L’appoggio a un eventuale governo guidato da Mario Draghi continua a far discutere il M5s, su cui pende il rischio scissione (GLI AGGIORNAMENTI SULLA CRISI - LO SPECIALE). La delicatezza della situazione emerge anche dal fatto che Beppe Grillo, a quanto si apprende da fonti parlamentari, è in arrivo a Roma. In teoria, essendo al vertice dei Cinque Stelle, Grillo potrebbe anche partecipare alle consultazioni di sabato, ma su questo non c'è alcuna conferma. Probabile invece un confronto con i Cinquestelle in vista del colloquio con Draghi. Intanto Luigi Di Maio invia un segnale distensivo: "Non abbiamo cercato noi lo stallo, ma è proprio in queste precise circostanze che una forza politica si mostra matura agli occhi del Paese”. Mentre il capo politico Vito Crimi non si sbilancia: “Andremo alle consultazioni con il presidente incaricato. Ascolteremo attentamente quanto avrà da dirci e porteremo al tavolo il M5s con la sua storia, le sue battaglie e le sue visioni”.

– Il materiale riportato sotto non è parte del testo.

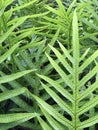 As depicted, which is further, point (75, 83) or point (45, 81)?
point (45, 81)

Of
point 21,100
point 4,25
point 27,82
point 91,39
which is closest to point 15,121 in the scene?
point 21,100

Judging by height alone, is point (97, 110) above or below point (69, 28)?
below

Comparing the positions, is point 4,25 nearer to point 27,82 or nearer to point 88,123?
point 27,82

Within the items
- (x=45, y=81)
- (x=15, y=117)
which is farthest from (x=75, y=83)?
(x=45, y=81)

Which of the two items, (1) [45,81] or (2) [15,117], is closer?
(2) [15,117]


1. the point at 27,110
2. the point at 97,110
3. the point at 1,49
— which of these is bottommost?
the point at 97,110

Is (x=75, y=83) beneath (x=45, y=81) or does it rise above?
above

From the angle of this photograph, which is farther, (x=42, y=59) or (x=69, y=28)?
(x=69, y=28)

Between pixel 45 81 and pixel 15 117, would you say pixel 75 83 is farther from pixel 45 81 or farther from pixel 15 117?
pixel 45 81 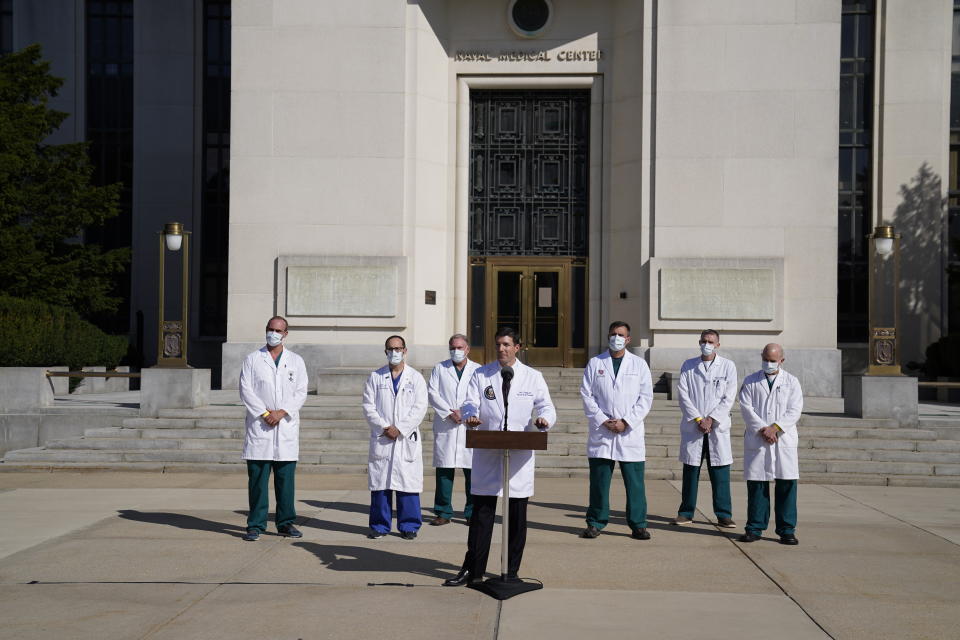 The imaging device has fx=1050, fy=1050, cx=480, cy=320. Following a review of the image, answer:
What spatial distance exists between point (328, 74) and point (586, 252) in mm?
6835

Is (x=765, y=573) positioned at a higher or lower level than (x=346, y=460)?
higher

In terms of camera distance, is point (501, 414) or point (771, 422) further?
point (771, 422)

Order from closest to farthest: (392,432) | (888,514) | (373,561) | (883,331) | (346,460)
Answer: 1. (373,561)
2. (392,432)
3. (888,514)
4. (346,460)
5. (883,331)

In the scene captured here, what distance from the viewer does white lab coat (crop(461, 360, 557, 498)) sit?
7.98m

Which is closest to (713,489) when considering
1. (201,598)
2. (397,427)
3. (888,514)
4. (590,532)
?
(590,532)

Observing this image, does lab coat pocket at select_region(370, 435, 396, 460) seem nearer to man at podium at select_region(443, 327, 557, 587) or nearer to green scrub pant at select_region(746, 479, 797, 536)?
man at podium at select_region(443, 327, 557, 587)

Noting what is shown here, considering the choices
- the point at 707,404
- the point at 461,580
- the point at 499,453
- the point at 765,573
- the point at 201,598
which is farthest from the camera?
the point at 707,404

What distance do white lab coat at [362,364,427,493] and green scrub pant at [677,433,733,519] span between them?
9.50 feet

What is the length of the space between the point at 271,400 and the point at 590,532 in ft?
10.9

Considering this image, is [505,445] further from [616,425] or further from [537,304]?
[537,304]

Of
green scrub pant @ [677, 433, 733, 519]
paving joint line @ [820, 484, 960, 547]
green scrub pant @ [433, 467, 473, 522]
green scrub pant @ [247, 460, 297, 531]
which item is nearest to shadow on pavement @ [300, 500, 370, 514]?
green scrub pant @ [433, 467, 473, 522]

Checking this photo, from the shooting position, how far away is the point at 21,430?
57.5 feet

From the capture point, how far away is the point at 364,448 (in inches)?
627

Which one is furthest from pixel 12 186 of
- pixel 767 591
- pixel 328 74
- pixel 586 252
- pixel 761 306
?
pixel 767 591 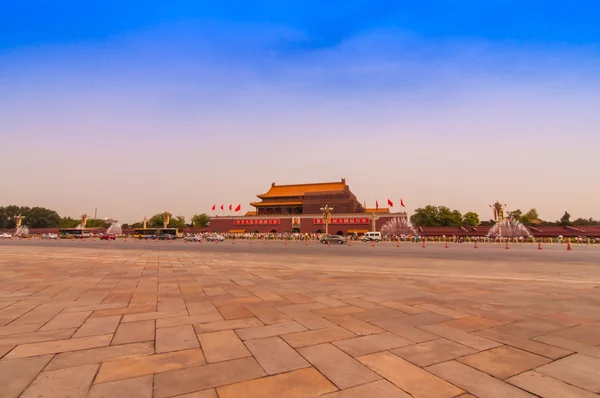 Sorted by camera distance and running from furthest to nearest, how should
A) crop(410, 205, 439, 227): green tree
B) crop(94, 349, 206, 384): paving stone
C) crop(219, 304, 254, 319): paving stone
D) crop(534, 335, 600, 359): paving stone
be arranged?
crop(410, 205, 439, 227): green tree < crop(219, 304, 254, 319): paving stone < crop(534, 335, 600, 359): paving stone < crop(94, 349, 206, 384): paving stone

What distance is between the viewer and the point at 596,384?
2574 millimetres

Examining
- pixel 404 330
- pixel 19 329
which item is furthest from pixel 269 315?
pixel 19 329

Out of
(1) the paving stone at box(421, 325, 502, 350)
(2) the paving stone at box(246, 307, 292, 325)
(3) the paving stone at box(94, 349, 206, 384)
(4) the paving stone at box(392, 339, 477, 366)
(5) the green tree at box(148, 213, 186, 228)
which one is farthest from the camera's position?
(5) the green tree at box(148, 213, 186, 228)

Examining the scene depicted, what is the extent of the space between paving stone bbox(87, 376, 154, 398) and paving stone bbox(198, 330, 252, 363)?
602 mm

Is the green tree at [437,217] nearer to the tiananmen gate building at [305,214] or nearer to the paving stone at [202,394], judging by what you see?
the tiananmen gate building at [305,214]

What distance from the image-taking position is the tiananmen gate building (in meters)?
55.0

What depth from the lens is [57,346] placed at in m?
3.38

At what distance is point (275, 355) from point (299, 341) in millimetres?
451

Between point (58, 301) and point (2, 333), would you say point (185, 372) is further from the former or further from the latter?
point (58, 301)

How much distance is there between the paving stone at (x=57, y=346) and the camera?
3.17 meters

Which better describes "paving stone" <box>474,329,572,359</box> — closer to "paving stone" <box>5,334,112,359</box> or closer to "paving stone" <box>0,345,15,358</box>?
"paving stone" <box>5,334,112,359</box>

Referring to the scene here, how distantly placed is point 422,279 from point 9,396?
7846mm

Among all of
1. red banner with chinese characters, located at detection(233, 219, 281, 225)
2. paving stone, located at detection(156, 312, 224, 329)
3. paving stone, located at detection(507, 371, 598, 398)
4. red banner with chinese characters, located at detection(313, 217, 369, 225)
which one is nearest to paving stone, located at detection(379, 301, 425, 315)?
paving stone, located at detection(507, 371, 598, 398)

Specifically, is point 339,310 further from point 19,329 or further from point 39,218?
point 39,218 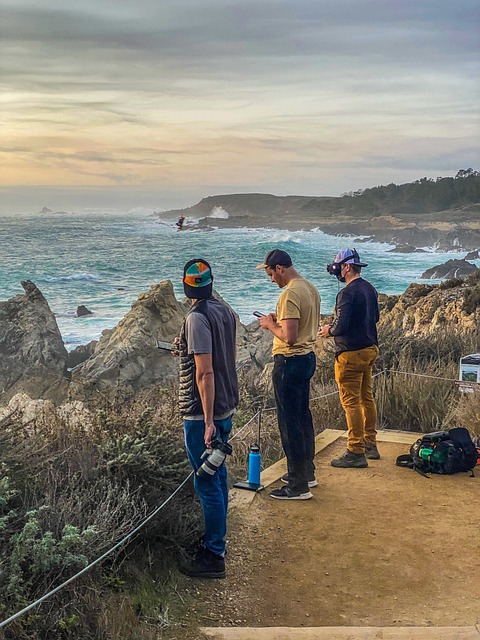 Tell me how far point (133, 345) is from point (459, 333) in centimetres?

Grillo: “M5S si siederà al tavolo per rispetto istituzionale”

Grillo avrebbe deciso di "condurre" in prima persona la possibile svolta pro-Draghi del Movimento. Il suo arrivo è, come spesso accade, avvolto nella nebbia e ad aumentare la confusione c'è anche la chiusura temporanea, causa Covid, dell'hotel Forum, sua abituale "casa" nella Capitale. Possibile che, a questo punto, il garante del Movimento veda i "big" pentastellati già nella giornata di domani, e forse anche Conte. Poi c'è la possibilità del "coup de theatre": che sia lo stesso Grillo a partecipare alle consultazioni, sabato mattina, con Mario Draghi. Un incontro, quello tra il premier incaricato e Grillo, che forse darebbe un'impronta diversa a un eventuale sì del M5S al governo guidato dall'ex governatore della Bce. Secondo quanto emerge, Grillo avrebbe anche indicato a un gruppo di parlamentari le “condizioni” per sedersi al tavolo per la formazione del governo: difesa di tutti i provvedimenti portati a casa dal governo Conte, come il reddito di cittadinanza, il decreto dignità e le norme anticorruzione, e un programma che abbia tra i punti principali il reddito universale, un’imposta patrimoniale per i super-ricchi, acqua pubblica, blue economy, digitalizzazione, conflitto di interessi e banca pubblica. Il "M5S si siederà al tavolo per rispetto istituzionale" e "gentilezza" nei confronti del presidente della Repubblica.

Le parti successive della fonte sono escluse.